◆ **WORK INSTRUCTION**
Every line from the one containing "Luxurious main bedroom" to the end of the records below should be returned exactly; pictures are to be dropped.

◆ **RECORDS SHOWN**
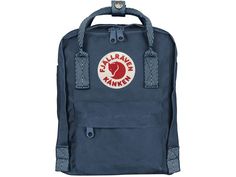 Fjallraven Kanken Mini Backpack Royal Blue/Goose Eye One Size F23561-540-908. The Mini-version is suitable for small children as well as for full grown adults who are looking for a small backpack. It is perfect for carrying a change of clothes for preschool or food on an outing and as a smart everyday bag for books water bottles fruit and more. The shoulder straps are long and adjustable and fit both small and big backs. They can be fastened with a clasp so that they are not in the way when at t Kanken Colors, Kanken Navy, Bag For Books, Fjallraven Kanken Mini, Kanken Mini, Water Resistant Backpack, Convertible Backpack, Cap Men, Address Label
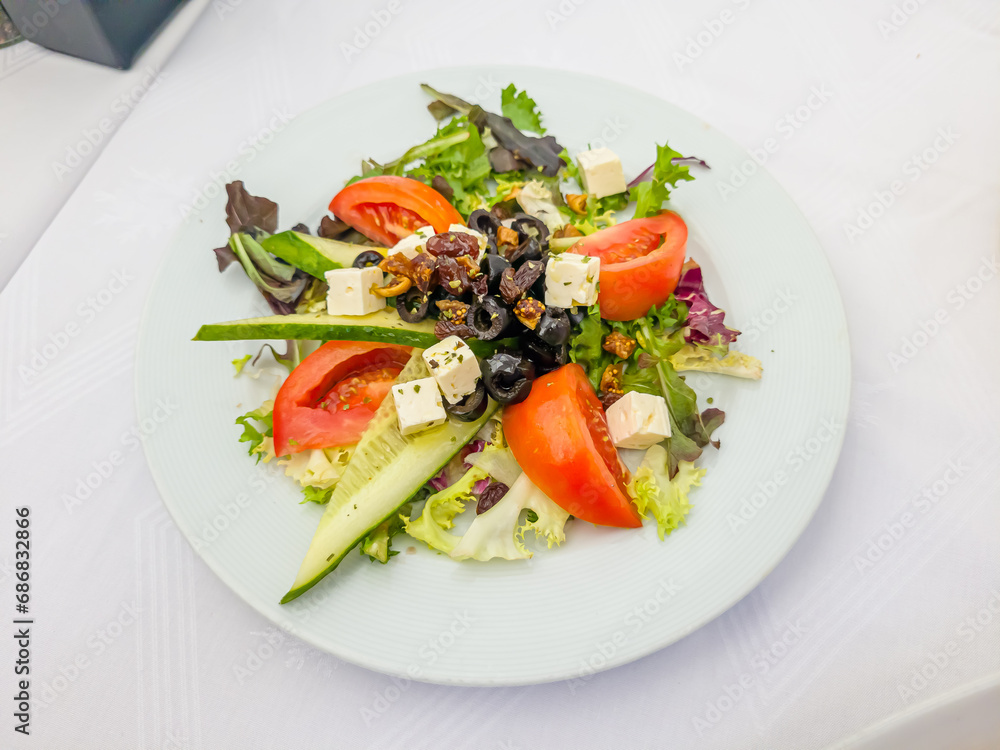 A Greek salad with cucumbers, tomatoes, olives and feta cheese is on a plate in the restaurant A Greek salad with cucumbers, tomatoes, olives and feta cheese is on a plate in the restaurant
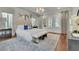 Luxurious main bedroom featuring a tufted headboard, natural light and designer touches at 710 Cox Rd, Roswell, GA 30075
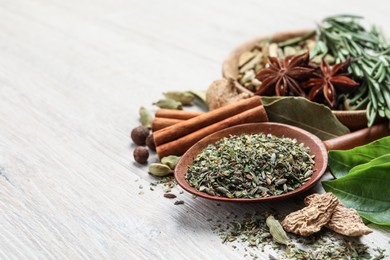 Different natural spices and herbs on light wooden table, closeup. Space for text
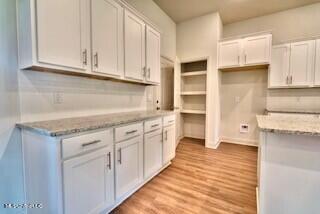 kitchen featuring light stone countertops, white cabinetry, and light hardwood / wood-style flooring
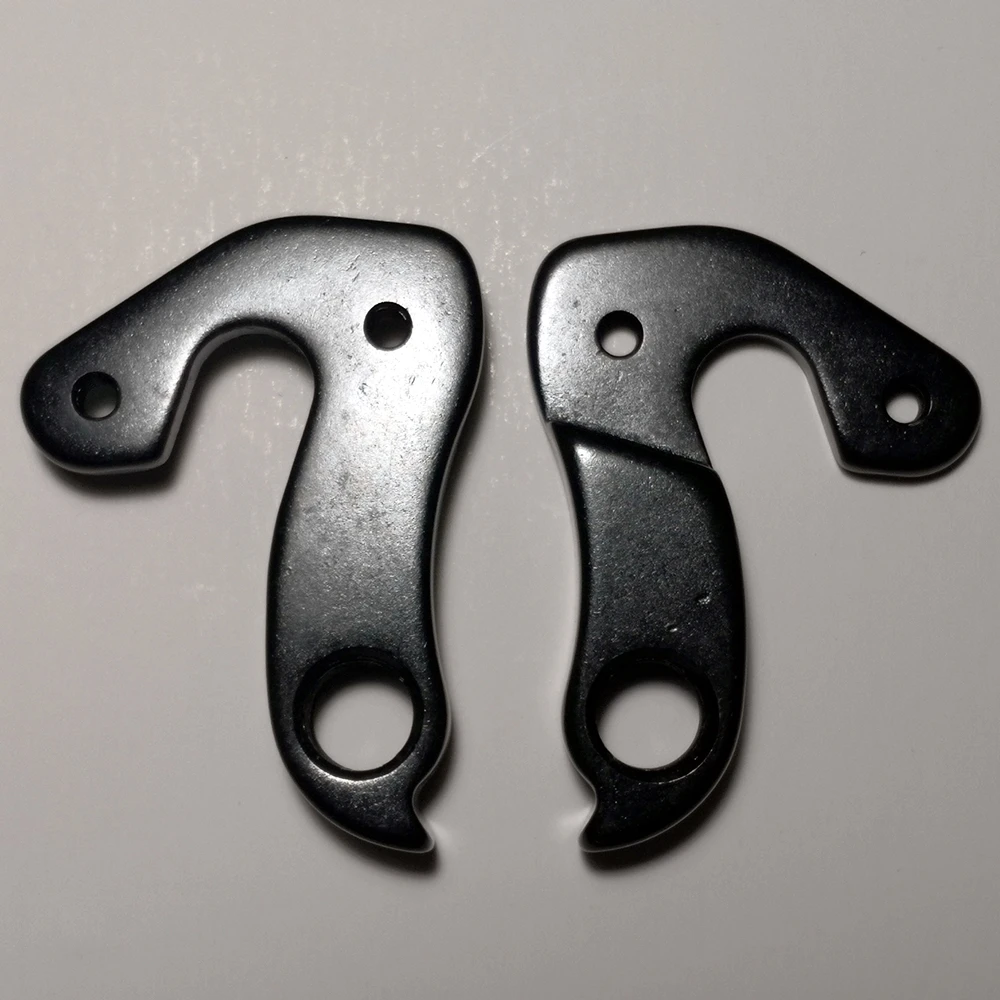 1Pc Bicicletta Gear Deragliatore Posteriore Gancio Mech Dropout Per Lee Cougan Bulls Go Outdoor Caliber Bossnut Evo Beastbut Whyte Dropwh20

◆ **EXPECTED ANSWER**
 Luxurious main bedroom featuring a tufted headboard, natural light and designer touches at 710 Cox Rd, Roswell, GA 30075
 Different natural spices and herbs on light wooden table, closeup. Space for text
 kitchen featuring light stone countertops, white cabinetry, and light hardwood / wood-style flooring
 1Pc Bicicletta Gear Deragliatore Posteriore Gancio Mech Dropout Per Lee Cougan Bulls Go Outdoor Caliber Bossnut Evo Beastbut Whyte Dropwh20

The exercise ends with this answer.